▶ YOUR GOAL: Your output should be the lines from the one containing "Folio Deksel Til" through the end of the listing, exact and inclusive, with no pictures.

▶

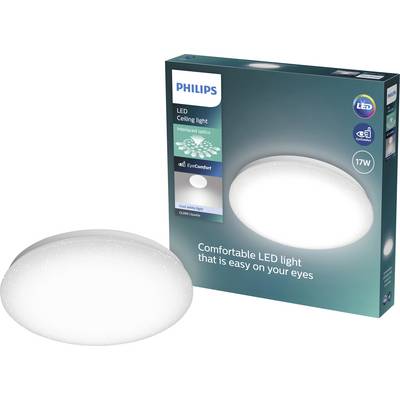 Philips 17W LED ceiling light shown with its product box, featuring a round white lamp and 'Comfortable LED light that is easy on your eyes' branding.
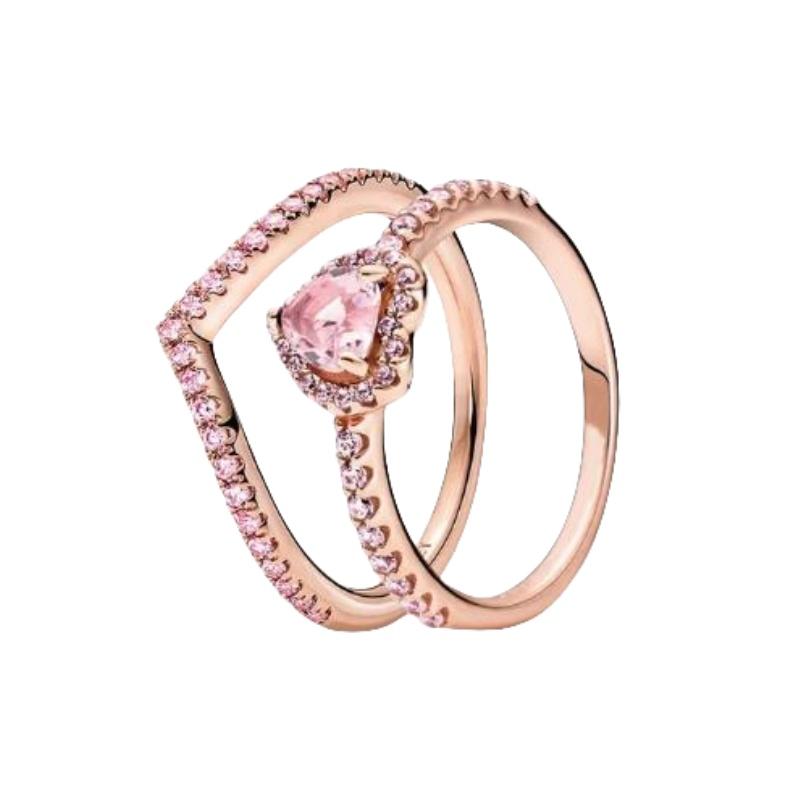 New Disney Fashion Sun Sapphire Couple Fit Pandora Birthday Gift Valentine's Day Limited Edition Ring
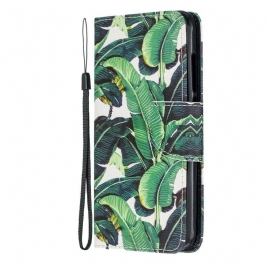 Folio Deksel Til Xiaomi Redmi 7A Med Kjede Tropical Leaves Strap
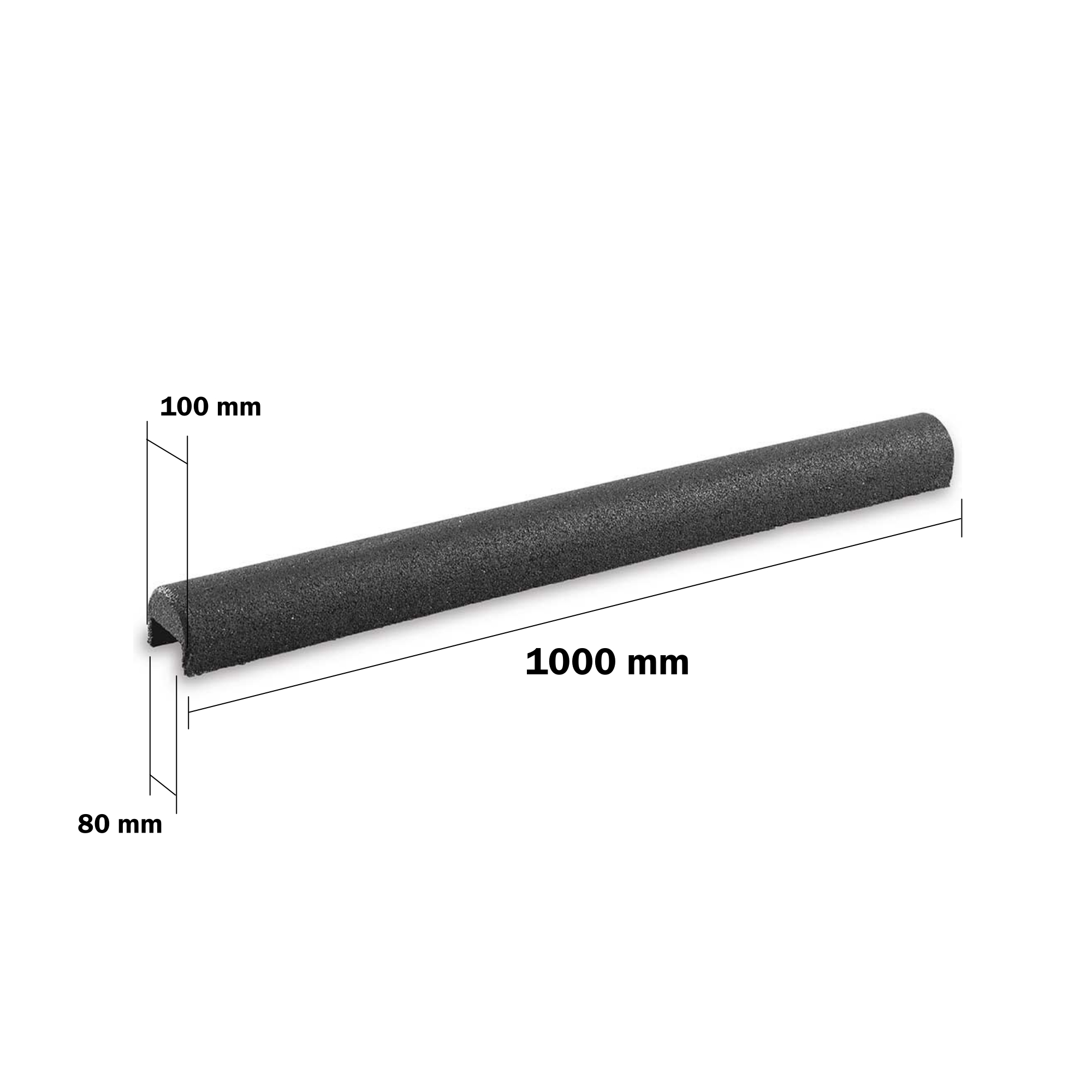 Gummigranulatüberzug für Beton Rabatten 80 mm Schwarz
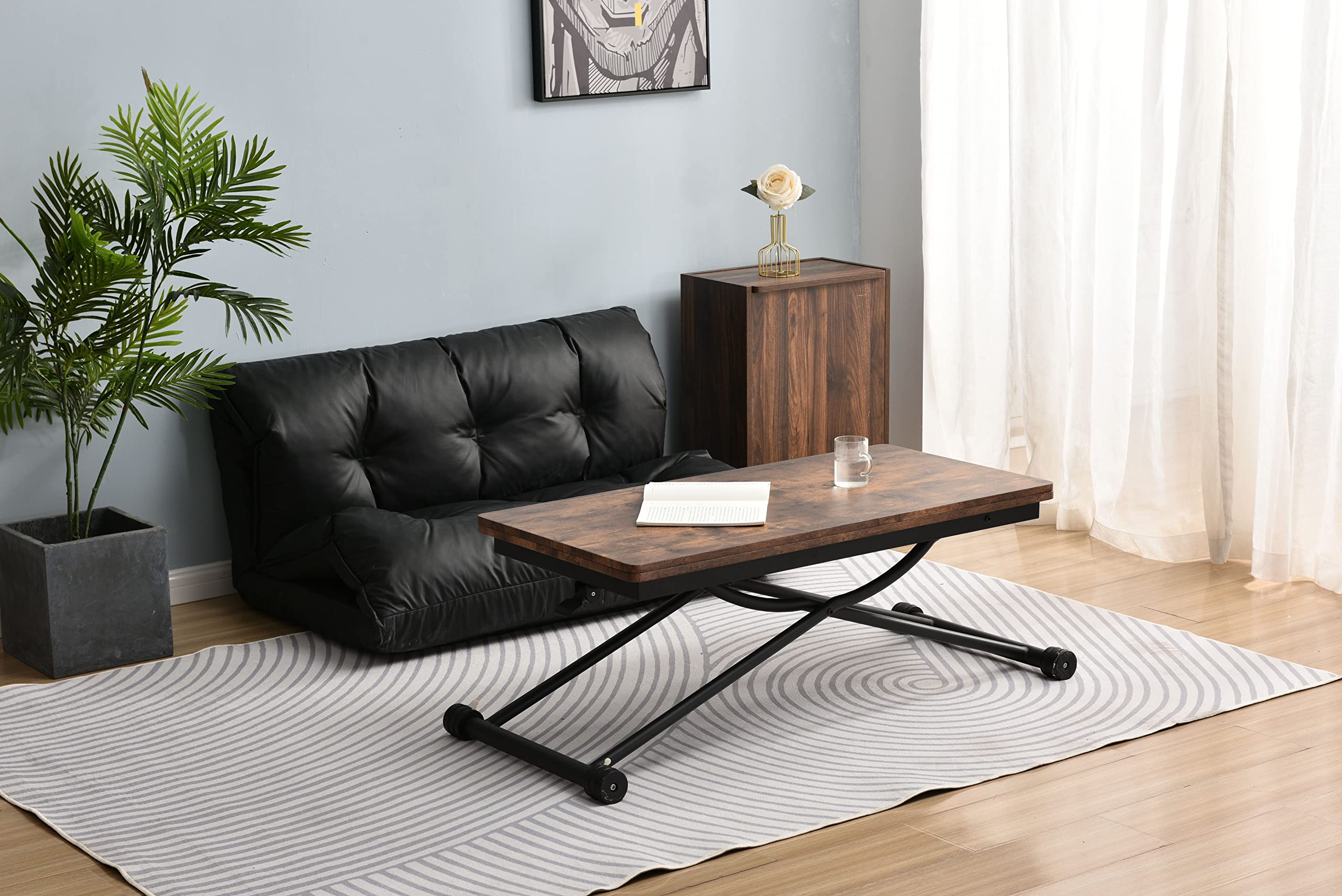 Amazon.co.jp: テーブル 天板が2倍に広がるガス圧昇降テーブル 100×50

◀

▶ EXERCISE OUTPUT:
 Folio Deksel Til Xiaomi Redmi 7A Med Kjede Tropical Leaves Strap
 Gummigranulatüberzug für Beton Rabatten 80 mm Schwarz
 Amazon.co.jp: テーブル 天板が2倍に広がるガス圧昇降テーブル 100×50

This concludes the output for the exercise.